__About this exercise__:
Write out, word for word, the part of the listing below that opens with the line containing "Arab man with" and closes with the line containing "ピンクの背景に、赤い筆記体で「It's Britney, Bitch」というテキストが書かれています。", keeping both of those lines and adding no others.

__Data for this exercise__:
▽
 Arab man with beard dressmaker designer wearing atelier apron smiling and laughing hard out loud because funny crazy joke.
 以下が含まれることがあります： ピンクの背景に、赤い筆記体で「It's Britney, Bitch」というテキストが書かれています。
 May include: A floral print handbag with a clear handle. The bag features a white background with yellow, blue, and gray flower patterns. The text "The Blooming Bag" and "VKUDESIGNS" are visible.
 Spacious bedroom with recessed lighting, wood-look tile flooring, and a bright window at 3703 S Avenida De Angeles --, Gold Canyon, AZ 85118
△
▽
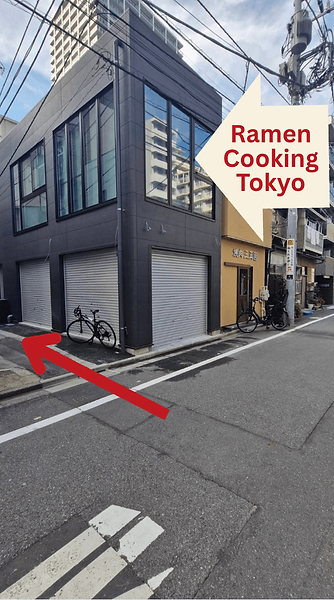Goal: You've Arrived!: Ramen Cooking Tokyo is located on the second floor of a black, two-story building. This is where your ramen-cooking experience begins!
△
__Output of the task__:
 Arab man with beard dressmaker designer wearing atelier apron smiling and laughing hard out loud because funny crazy joke.
 以下が含まれることがあります： ピンクの背景に、赤い筆記体で「It's Britney, Bitch」というテキストが書かれています。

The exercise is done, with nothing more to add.